Download speeds of 70KB/s were pretty good and a Mac Office upgrade (50MB) didn't take too long at all. Round trip times were around 600ms. Most applications seemed to work, including MSN and Skype.

The best part of the journey was lending my Apple Powerbook to the nice lady sitting next to me, who happened to work for Microsoft, she could read her Email and let her husband know what time to pick her up. The HP laptop running XP couldn't find a wireless network.

2006/10/11

Carphone Warehouse buys AOL UK for £370m

Carphone Warehouse (CPW) has purchased the UK division of AOL for £370m. This may seem expensive (some £200+ per customer) but it's reasonably cheap for what they're getting. Since CPW have not yet unbundled many (if any) exchanges, being able to move their customers over and off IPStream is a huge saving for them (WLR + IPStream for 20 quid a month, they're losing lots of money per customer). AOL will already have booked to go into x00 more exchanges, while CPW starting from scratch will be
looking at an extended (time) roll-out, just because it takes so long for BT to get access.

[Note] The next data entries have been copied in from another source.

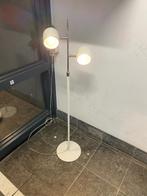 staande schemerlamp, Huis en Inrichting, Ophalen of Verzenden, Zo goed als nieuw, Glas, Modern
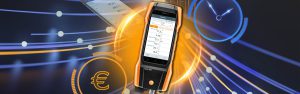 Новий testo 300 NEXT LEVEL – наступний рівень вимірювальної техніки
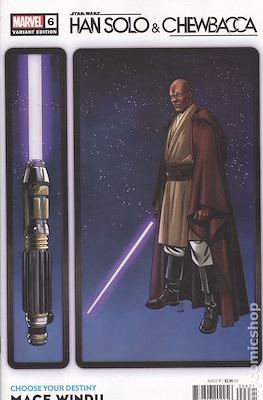 Star Wars: Han Solo & Chewbacca (Variant Cover) #6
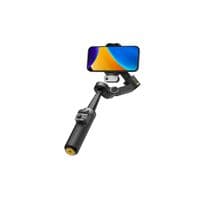 Тривісний стабілізатор AOCHUAN Professional Gimbal Stabilizer для смартфона SMART X3 AI Black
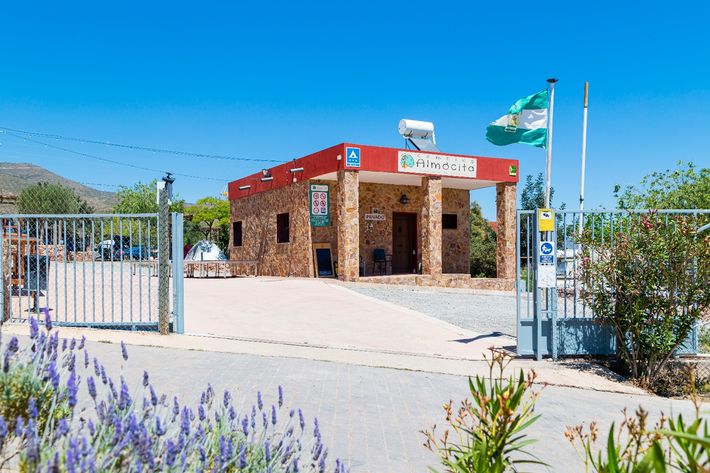 Camping Almócita-Alpujarra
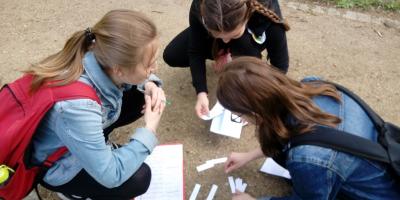 Obchody Dnia Ziemi w Gołuchowie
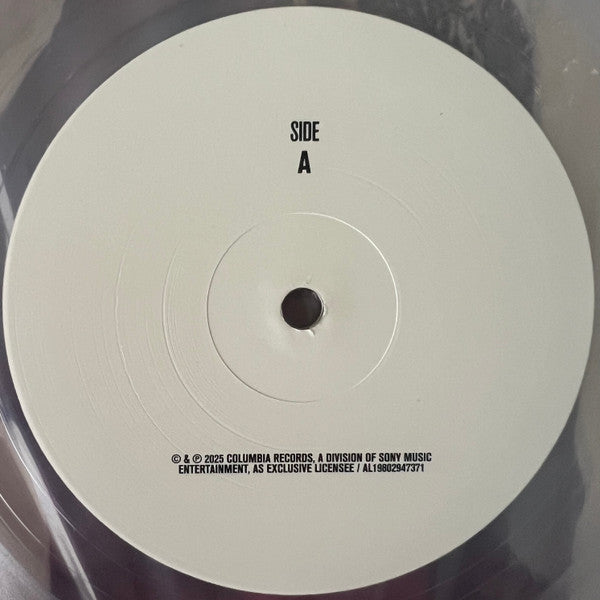 Tyler, The Creator - Don't Tap The Glass - New LP Record 2025 Columbia Clear Vinyl Test Pressing Edition & Plastic Insert - Hip Hop / Experimental / Pop - Shuga Records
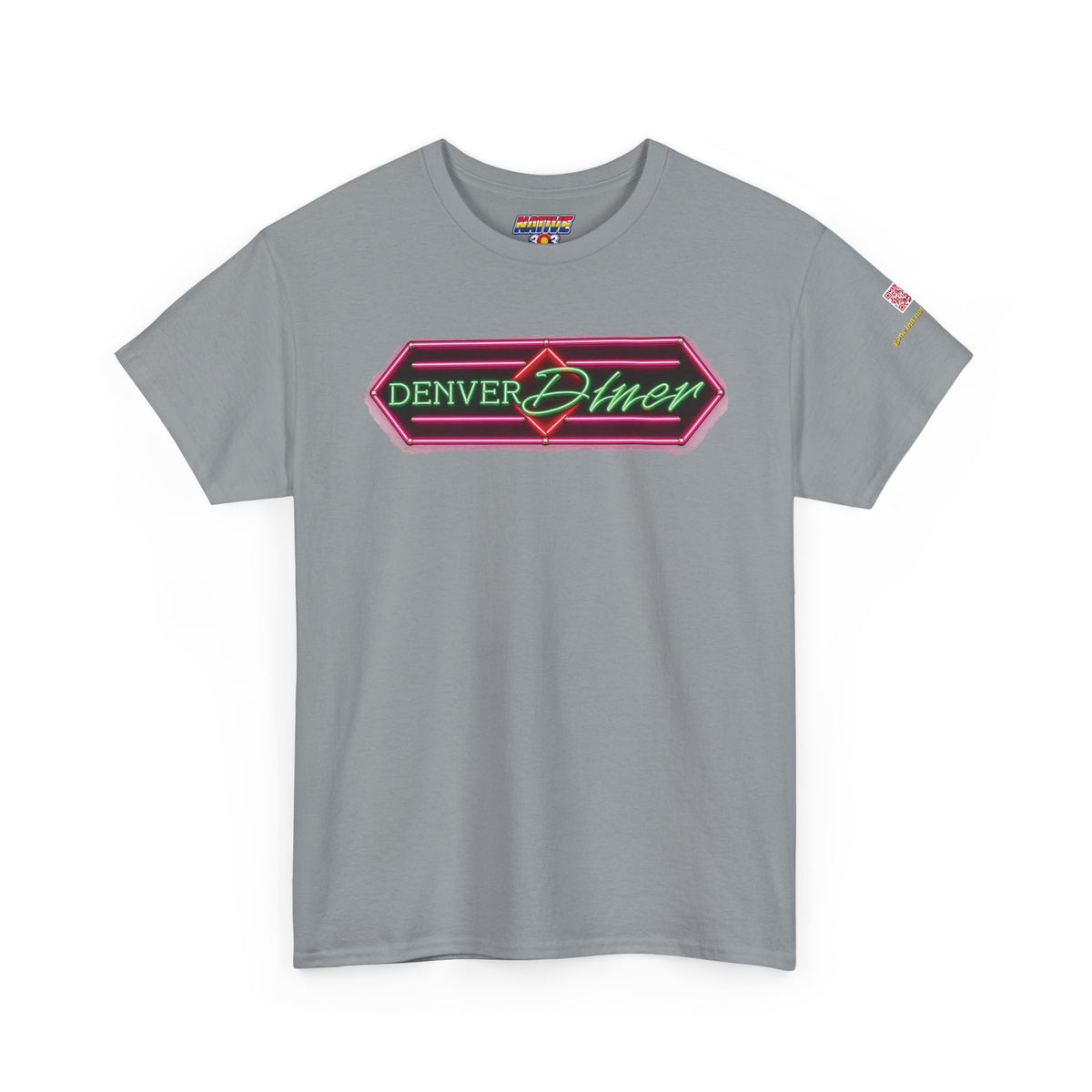 DENVER DINER restaurant - vintage Denver gear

Now CPW have 1.5m + 700K'ish broadband customers, it makes them the 3rd largest provider of broadband in the UK (BT Retail and NTL larger), plus they have 2m+ phone customers.

Though they now expect to make a big loss next year, they've got those customers away from BT and BT will find it difficult to get them back (assuming they fix their support/provisioning etc, which they are bound to do - actually purchasing AOL effectively gives them a working provisioning/CRM system).

LLU/broadband is all about scale and now CPW have it on a massive scale.

Tiscali UK are next to go (BSkyB/BT are though to be front runners though maybe CPW will also bid). Then the smaller providers will be swallowed up.

2006/10/09

Confirmed, YouTube sells out to Google

Google have acquired YouTube for $1.65bn, their biggest purchase to date.

Both companies feel each other will be a good fit.

Intel to buy NVidia

AMD is buying ATI (the Canadian graphics chip manufacturer) and now Intel is rumoured to be buying NVidia.

NVidia makes high performance chipsets for motherboards (their NForce range) which currently get the best peformance out of AMD CPU's.

Intel make their own graphic chipsets, but they have always been considered low-end and underpowered. The purchase of NVidia would give them a boost in this area, and also may hurt AMD in the process.

MAX from Microsoft

Microsoft have released (codename) MAX which is designed to let users share photo albums. Though it can do that, it also has the ability to read RSS and ATOM feeds in a very nice format.

It requires the .NET v3 framework (which will be downloaded if needed) and runs on XP. It wont currently run on Vista.

There's a lot of album sharing software and sites out there, like Google's Picasa, and does the world need another? The RSS/ATOM reader is very well done though.

Google to buy YouTube?

Google are rumoured to be after YouTube making them an offer of $1.6bn. Google Video hasn't proved that popular, while YouTube is one (if not the) most visited sites on the web. Google could then utilise their on-line advertising skills to make YouTube turn a profit (or even make some money).

The directors of YouTube (who left Ebay to start it) can expect to make several hundred million each if the deal goes through.

Google have over $10bn to spend on acquisitions.

JahShaka v3 released

JahShaka is an open source real-time video editing package that uses OpenGL as its underlying strength (which also supports hardware acceleration and effects).

JahPlayer has also been released which supports 2K and 4K video formats.

The system has been designed to be multi-platform using Trolltech's open source Qt libraries and works under Windows, Linux and MacOS.

It's a very powerfull package and free, but whether it will dent sales of things like Apple's Final Cut (Express) is yet to be seen.